自己啓発本という位置づけにあたる本書ですが、経営者・リーダーが備えておくべき性質が満載です。もちろん、人の上に立つ人だけが読む本ではなくて、心を豊かにしたいと思う人にお薦めできる本です。

たまには、こういった本を読んで自分の中の気を高める必要があると思います。200ページくらいの薄い本ですので、さっと読めてしまいます。心が病んできたと感じたときに読んでみるといいと思います。かなりお薦めです。

孔子とドラッカー おぼえがき 目次

孔子とドラッカー おぼえがき

マネジメントとは

マネジメントとは、人に関わるものである。
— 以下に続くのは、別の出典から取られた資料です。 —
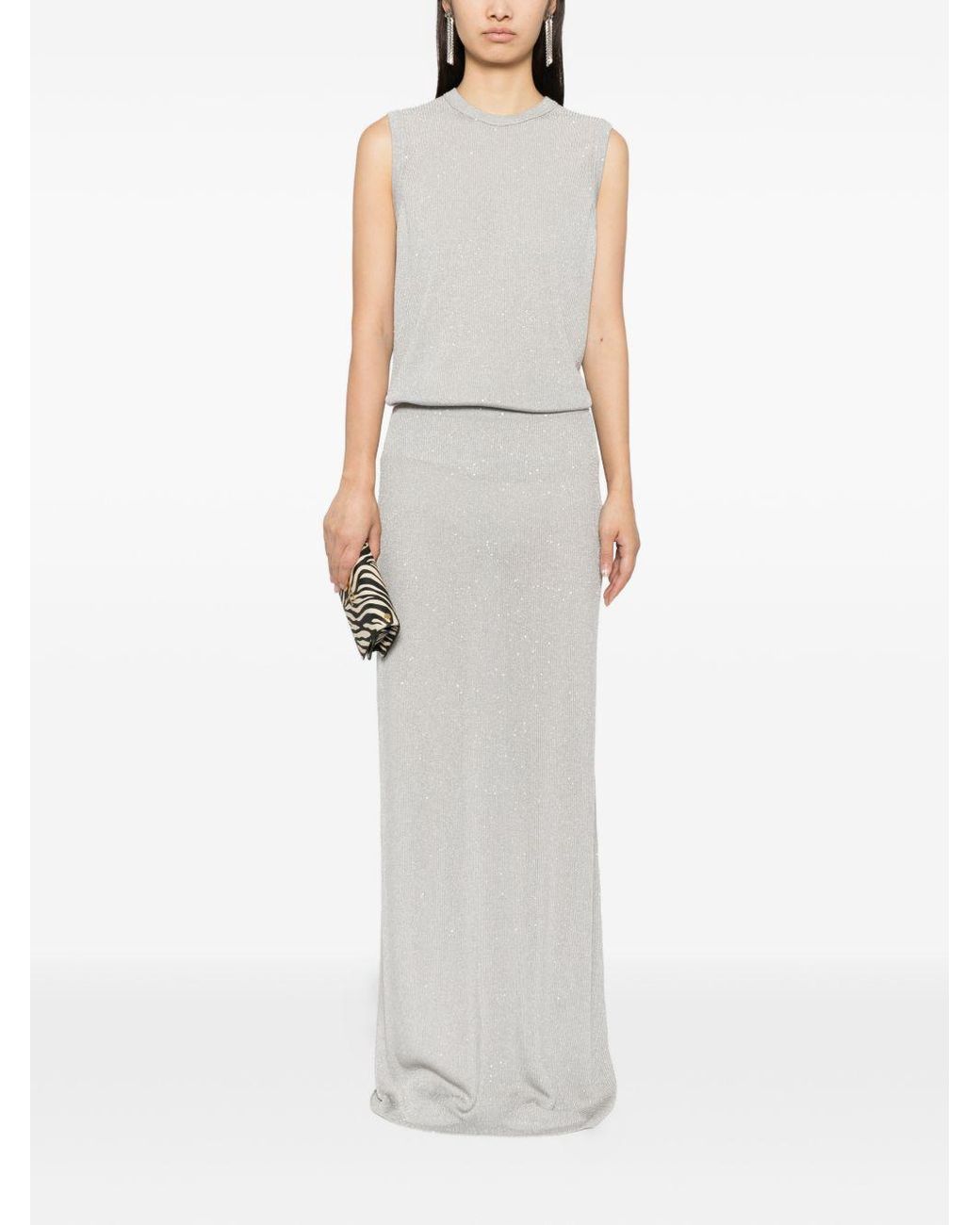 Tom Ford Gray Sequined Top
その機能は、人が共同して成果をあげることを可能とし、強みを発揮させ、弱みを無意味なものにすることである。これが組織の目的だ。また、マネジメントとは、ニーズと機会の変化に応じて、組織とそこに働く者を成長させるべきものである。

「はじめに」より

無限のマネジメント おぼえがき

愛と思いやりこそがすべての基本。経営とは、人を動かすことに他ならない。人には、思いやりを持って接すること。

リーダーというものは、仁を重んじながらも、公正さと義で物事を計ることも大切である。むやみに慈愛に心を奪われてしまってはならない。
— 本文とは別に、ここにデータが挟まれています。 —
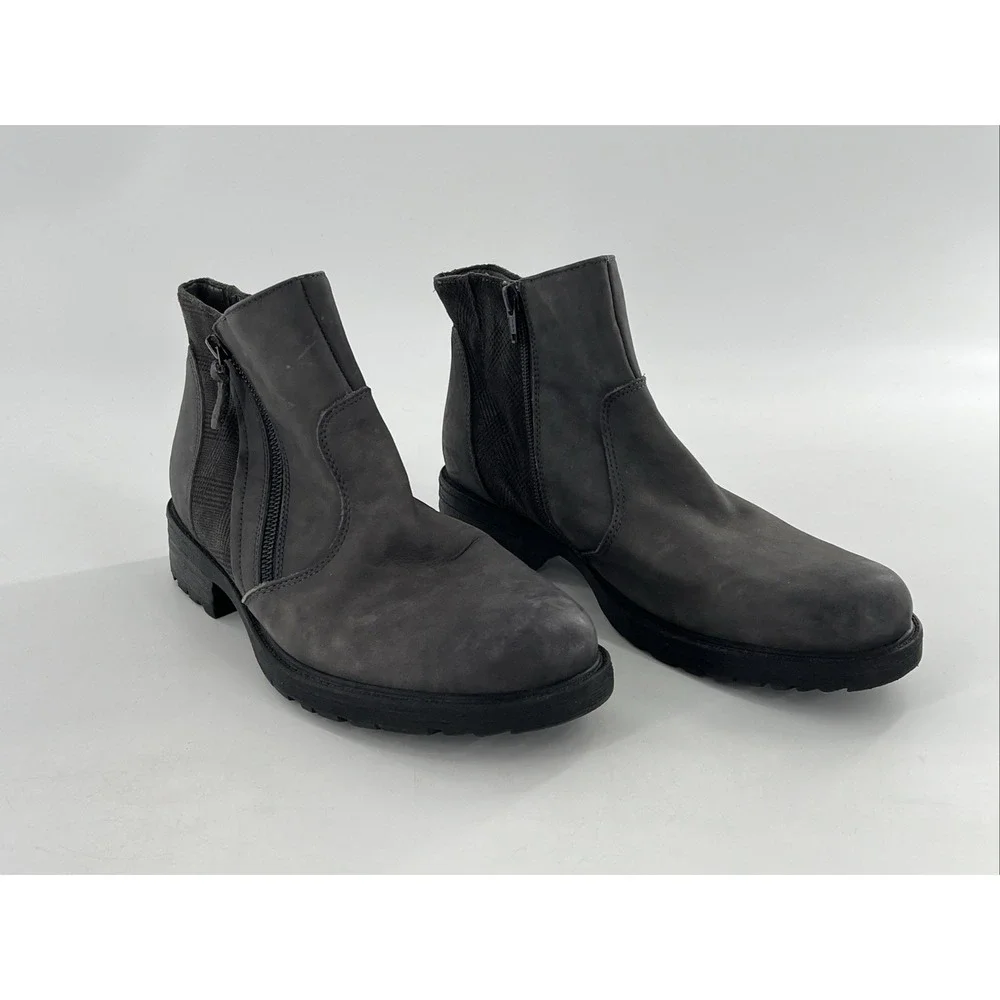 Earth Womens Leather Ankle Boots Gray Plaid Tweed Block Heel Zip 11 B‎ Jordan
目的は何なのか?それを何のために行うのか?大義名分を持たないものは、功利に走ってしまい、失敗や災いにあう。

「礼」とはすなわち「人間尊重」のこと。人であるゆえに礼を行う。礼は「人の道」である。

吾(われ)によって汝(なんじ)を礼す。汝によって吾を礼す。

 「智」とは、知識のことではない。智慧(ちえ)のことである。智慧とは、「悟る」ということで、「それが何であるか」を感じることである。

およそ人ならば誰に対しても心の中心から、つまり誠から接しなければならない

忠は、人に尽くすもの。経営者たるもの(もちろん、経営者以外の人も)、お客様、株主、取引先、社員、社員の家族、自分の家族、自分にかかわりのある人、すべての人に忠を持って接しなければならない。
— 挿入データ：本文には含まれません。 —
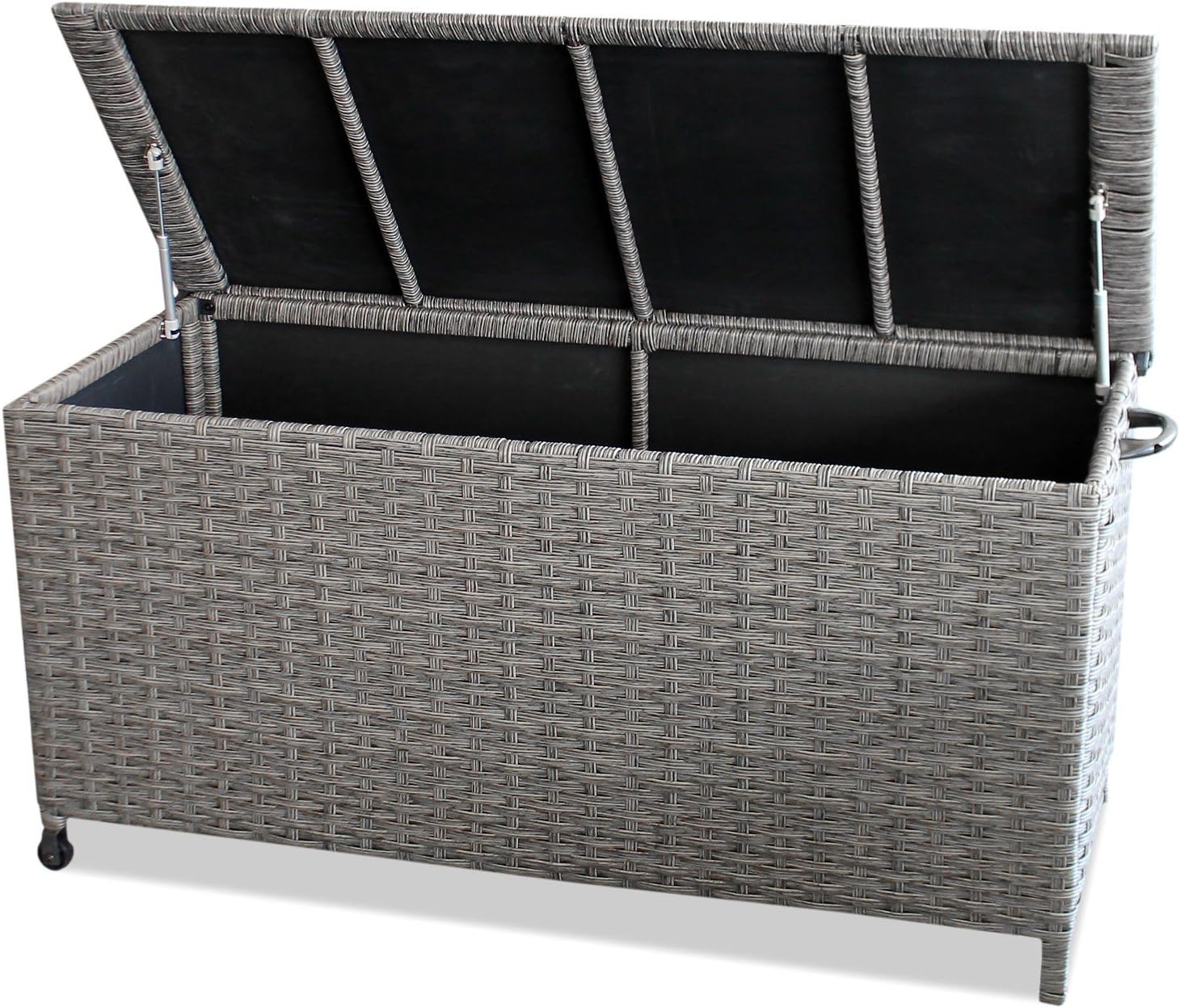 Coffre de rangement en poly rotin pour le jardin avec rouleau coffre de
信じること。自信をもつこと。信念をもて。まず信じてみる。本物を信じ続けることは欺かれることはない。それが自分にとっての本物なのだから。確固たる信念。それが必要だ。

余の辞書に不可能という文字はない 「ナポレオンのことば」

「孝」とは、連続のことである。教えや学びを継承していくことが重要なこと。

重要なことは、会社とは血液で継承するのではないということだ。思想で継承すべきものである。創業者の精神や考え方をよく学んで理解すれば、血のつながりなどなくても後継者になりうる。

「志」は夢とは違う。夢は私、志は公。心のベクトルを公に向けることを志を立てるという。

志というのは何よりも「無私」であってこそ、その呼び名に値するのである

途方もないくらいの大きな夢。それが本当の夢である。人間は、実現できない夢などみれないようになっている。不可能だといわれること。夢見ることでそれが実現できる。

If you can dream it, You can do it. 「ウォルト・ディズニー」

夢に期限をつければ、目標になる
「夢に期限をつければ、目標になる」。この節を読んでいて、ふと思い出しました。

企業の成功に必要な条件は3つある。1. 基本理念や志が備わっていること。2. 社員一人ひとりの豊かな個性を最大限に伸ばせる環境が用意されていること。3. 戦略や戦術を駆使すること。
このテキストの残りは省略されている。